Here is a web site listing several primary hybrids.  You will not recognize most of the names.

Of course, Arthur Chadwick's articles regularly mention primaries that are currently unavailable.

Saturday, December 10, 2011

C. labiata

Last year this plant was about to bloom when all the buds blasted. That will not happen this year.  There are 10 buds on four growths.  Not great but considering it is a first bloom, pretty good.  Good, well grown clones can have 5 flowers per inflorescence.  This plant is from Tropical Orchid Farm.

As usual for this time of year, I feel that almost the entire collection is on the razor's edge between over and underwatering.  Obviously in winter one wants to err towards the latter.  

Sunday, December 4, 2011

C. labiata semi-alba buds

Last year I had a Cal-Orchid seedling bloom for the first time.  I was impressed - four, big, nice flowers.  This year it was growing from two leads, both of which had a sheath.  However, one sheath has no obvious buds and the other has only two.  I am wondering if it is because it used so much energy making the two growths this year.  In any case, I expect good things from this plant in the future.  This a bit late blooming - many of my plants seem to be.  If this is true, I wonder if hot summers and cold winters just slow things down relative to bloom times under better conditions.

The plant to the left is different C. labiata semi-alba seedling also from Cal-Orchid that I expect will bloom for the first time in about a year.  The eagle-eyed among you might see what is the tip of an L. anceps spike in the lower left area of the photo. 

Saturday, December 3, 2011

C. labiata amesiana x self

I got this plant from Miranda Orchids a few years ago.  Last year the single bud blasted and the year before I had one measly flower.  This year again, just one bud. 

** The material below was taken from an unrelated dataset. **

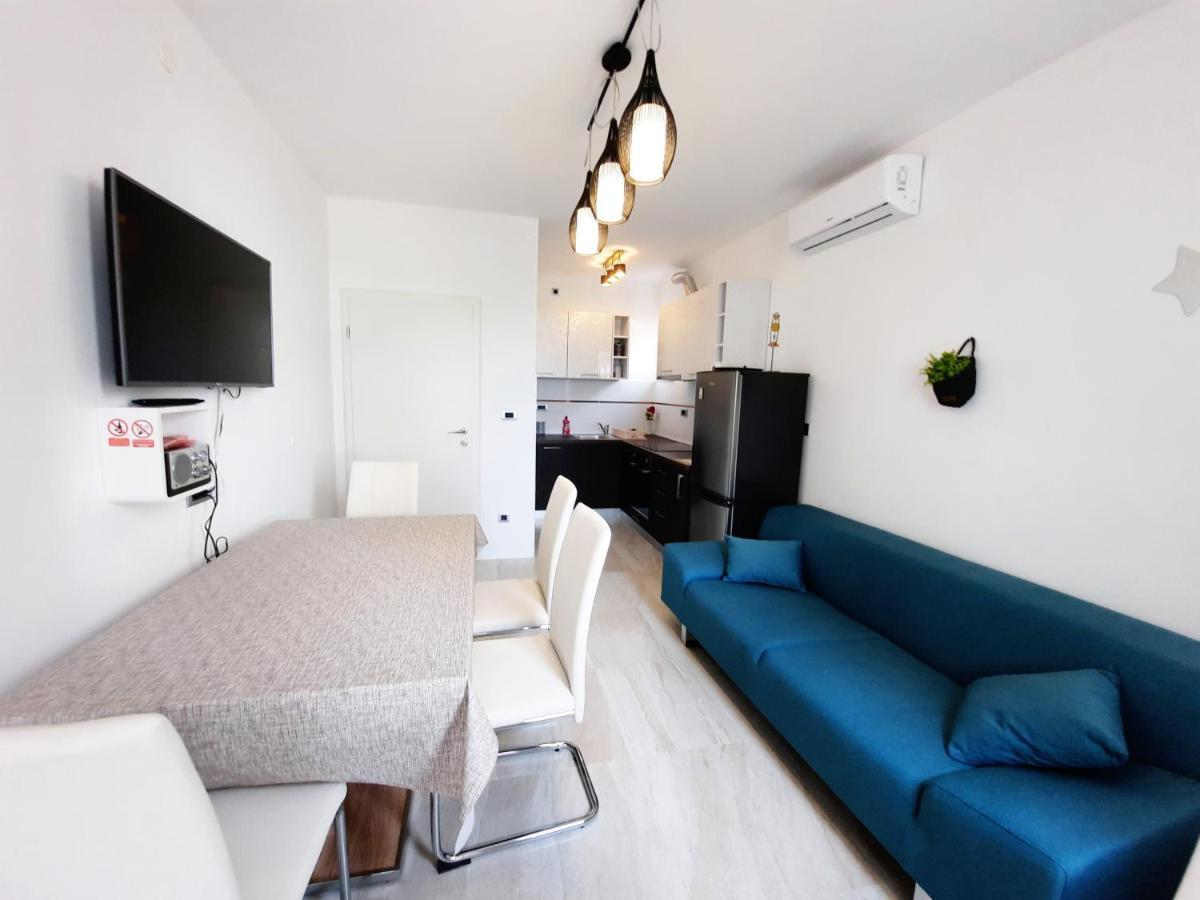 Split Symphony Veranda: Modern, New Apartment Экстерьер фото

This plant is not thriving.  I've learned that rather than being stubborn, the best thing to do if a plant is not doing well is to change and hope for better performance.  I went through a period when I potted lots of seedlings in 4" wood baskets and in retrospect that appears to have been a mistake.  It is hot and dry here in summer, which I suspect is a problem with small baskets.  If I were growing in a greenhouse in moderate, humid conditions it probably would have been fine.  This year this plant and several other will be moved to pots with orchiata bark and then we'll see what happens.  It could also be the case this is just a weak plant and that it could only thrive in optimal conditions.  We shall see.